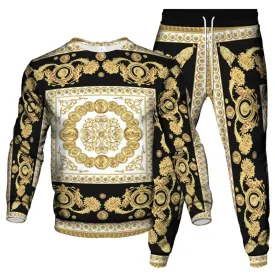 Men's & Women's Vintage Baroque Tracksuit Set – Luxury 2-Piece Jogging Pants & Sweatshirt Streetwear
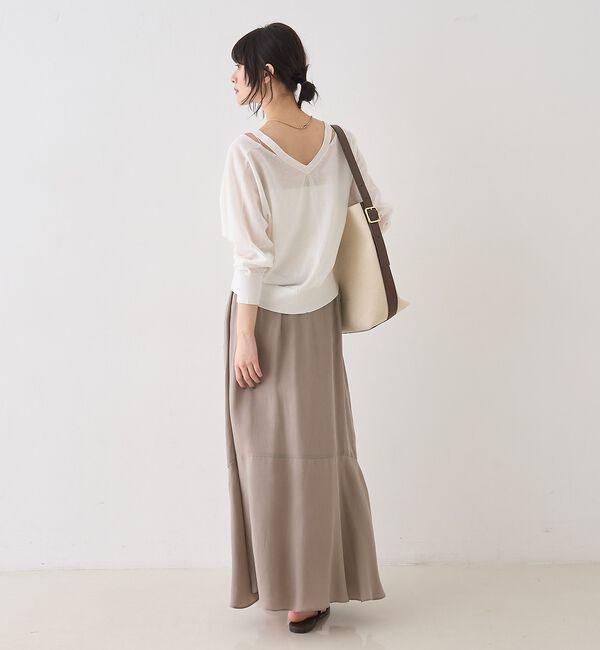 Rouge vif「ネックスリットVネックシアーカーディガン/ニット」|カーディガン|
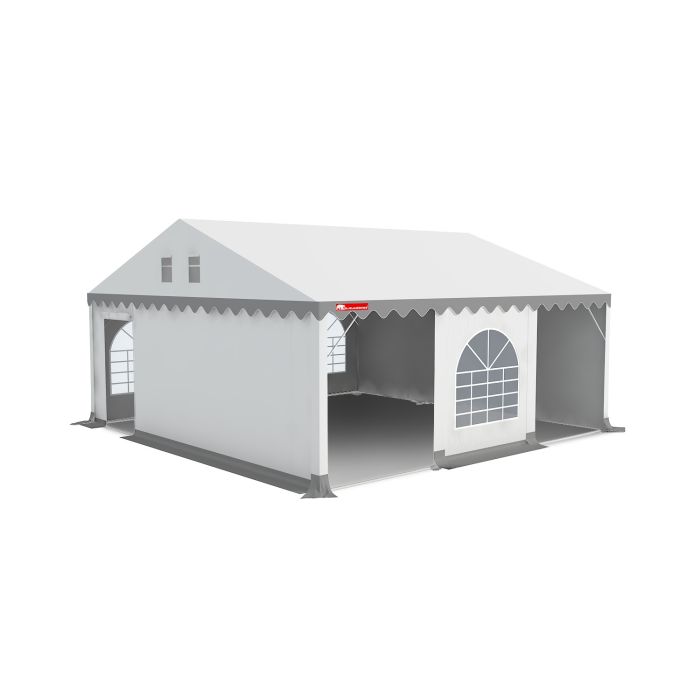 Kops paneel met ingang voor Partytent PVC, De ingang is open te ritsen en onderin bevat de ingang een tochtflap.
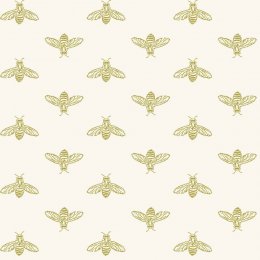 Joules Block Print Bee Antique Gold Wallpaper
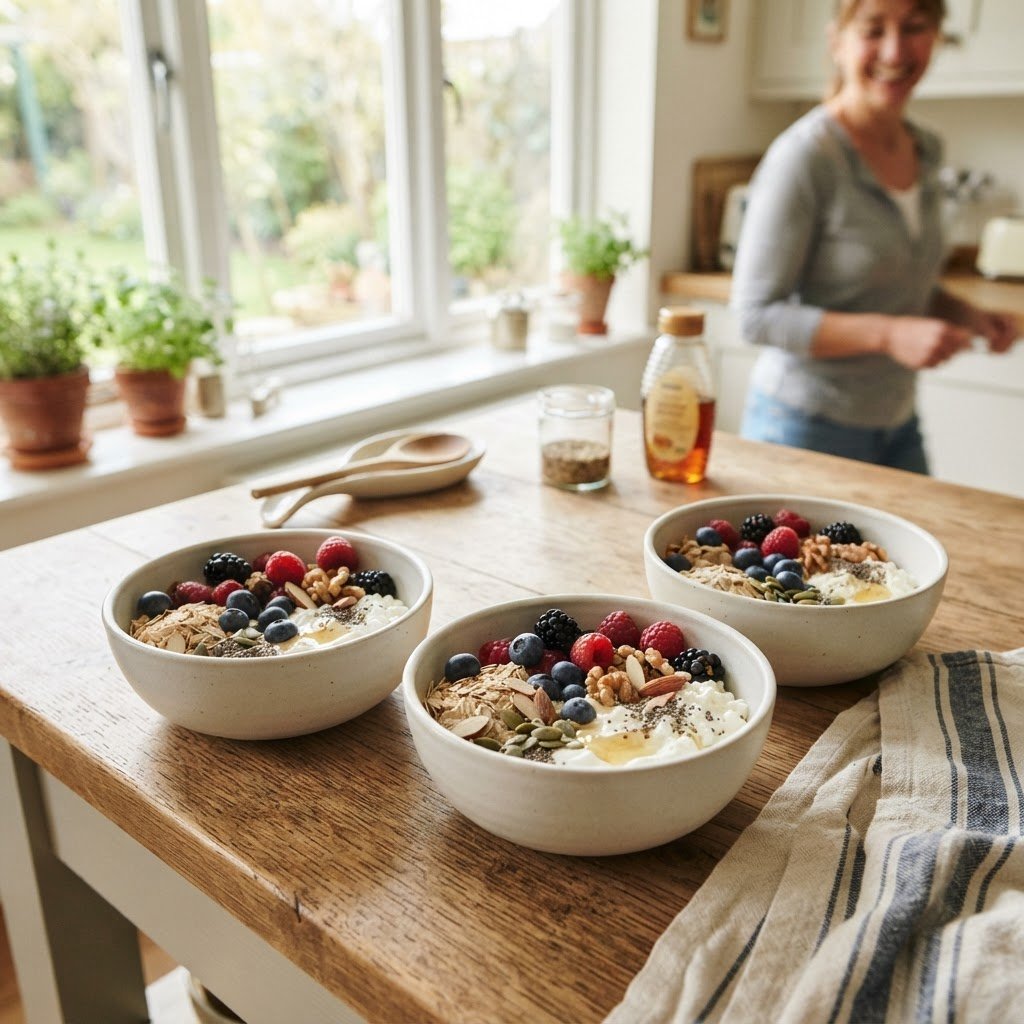 Meal prep breakfast bowls with yogurt cottage cheese oats and berries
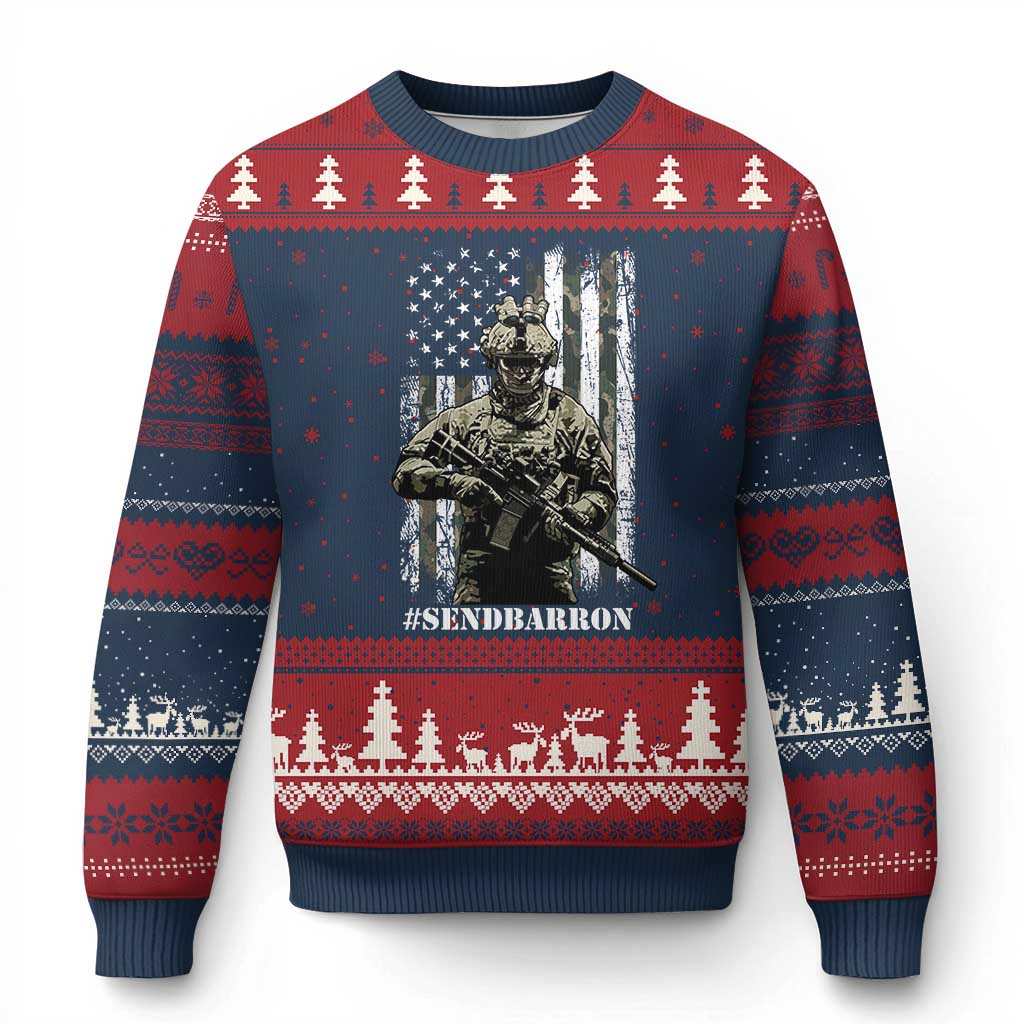 Send Barron Ugly Christmas Sweater Sarcastic Political American Flag Camo Soldier
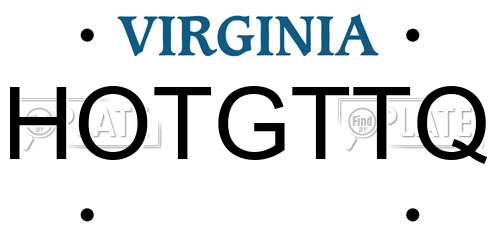 HOTGTTQ Virginia License Plate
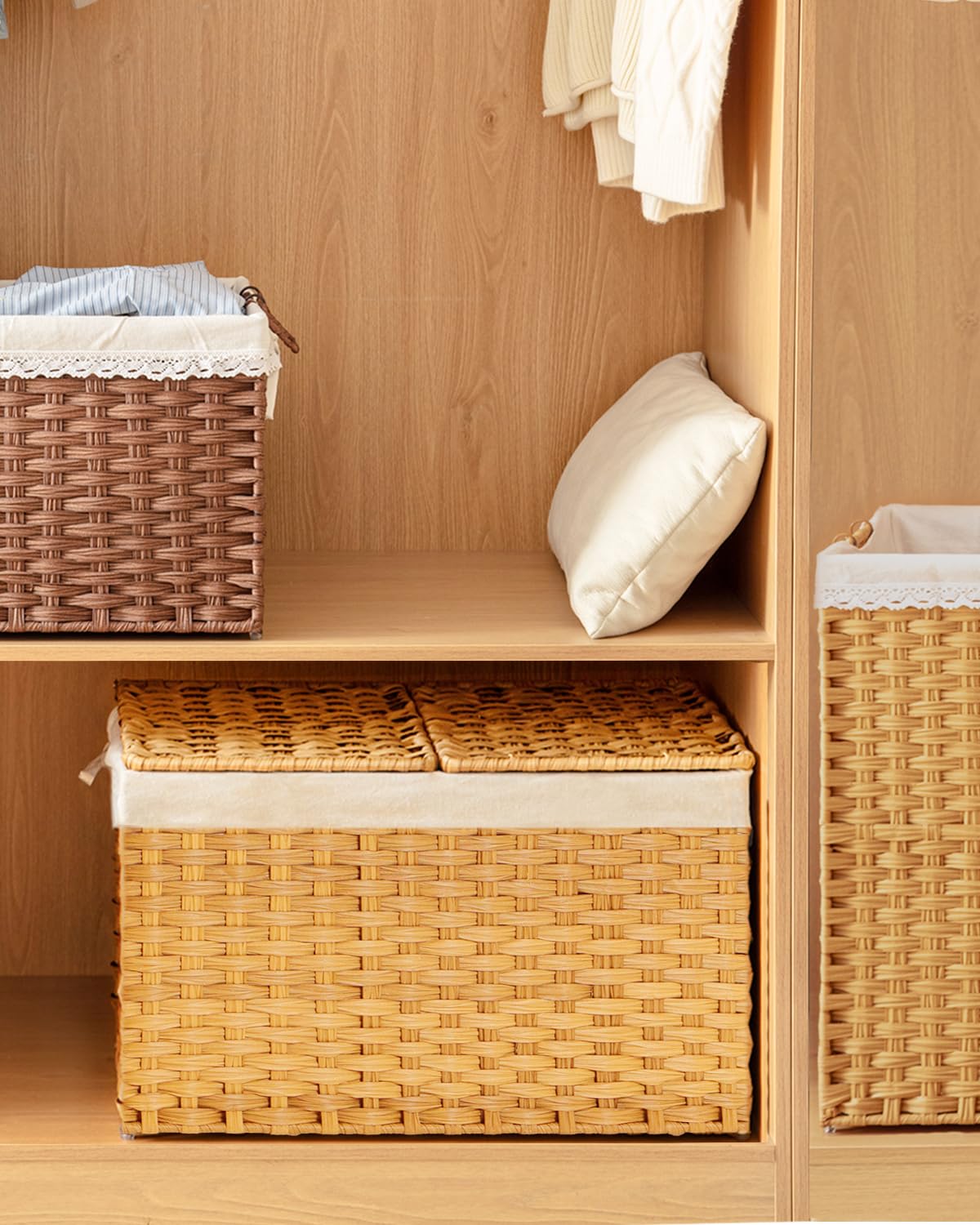 SETVSON laundry room organization basket with hidden storage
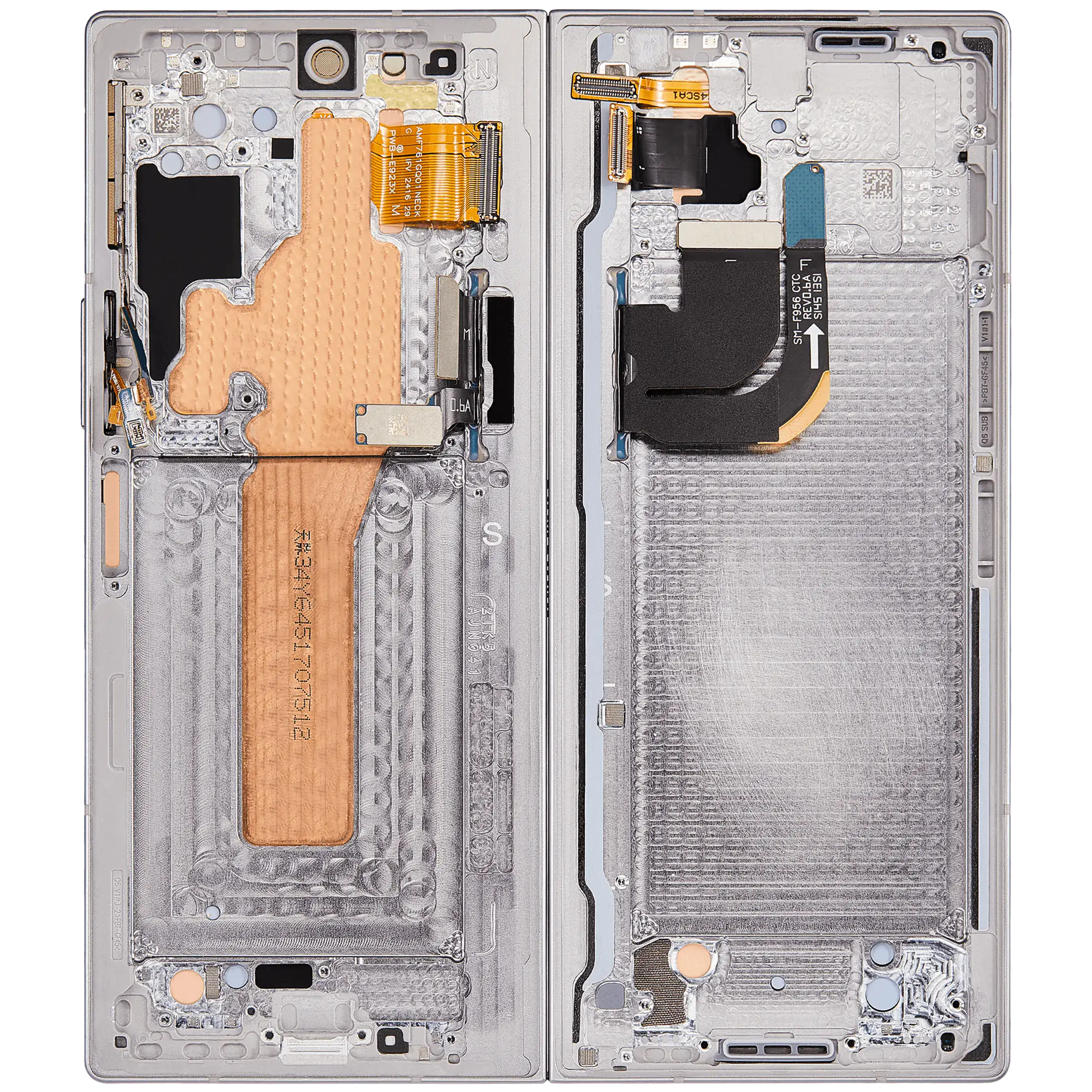 Inner OLED Display mit Rahmen für Samsung Galaxy Z Fold 6 5G (US & International) (professionell aufgearbeitet) (Silver Shadow) – Bild 4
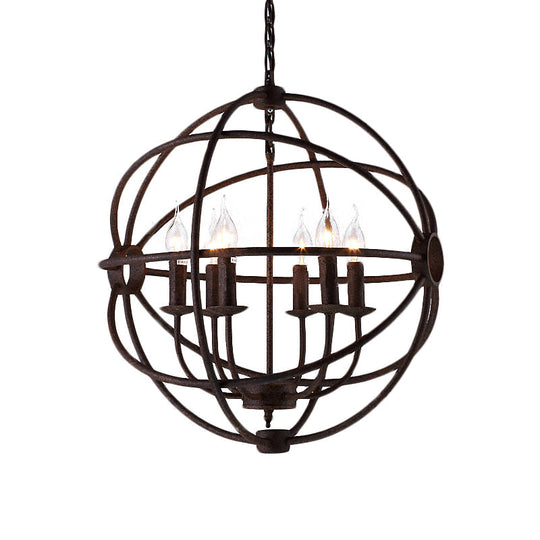 Spherical Wrought Iron Hanging Light: Antique Style Indoor Chandelier Lamp In Black/Rust With 3/6/7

-*-

What you are asked to do —
Repeat the listing verbatim without its pictures.

Result —
 Men's & Women's Vintage Baroque Tracksuit Set – Luxury 2-Piece Jogging Pants & Sweatshirt Streetwear
 Rouge vif「ネックスリットVネックシアーカーディガン/ニット」|カーディガン|
 Kops paneel met ingang voor Partytent PVC, De ingang is open te ritsen en onderin bevat de ingang een tochtflap.
 Joules Block Print Bee Antique Gold Wallpaper
 Meal prep breakfast bowls with yogurt cottage cheese oats and berries
 Send Barron Ugly Christmas Sweater Sarcastic Political American Flag Camo Soldier
 HOTGTTQ Virginia License Plate
 SETVSON laundry room organization basket with hidden storage
 Inner OLED Display mit Rahmen für Samsung Galaxy Z Fold 6 5G (US & International) (professionell aufgearbeitet) (Silver Shadow) – Bild 4
 Spherical Wrought Iron Hanging Light: Antique Style Indoor Chandelier Lamp In Black/Rust With 3/6/7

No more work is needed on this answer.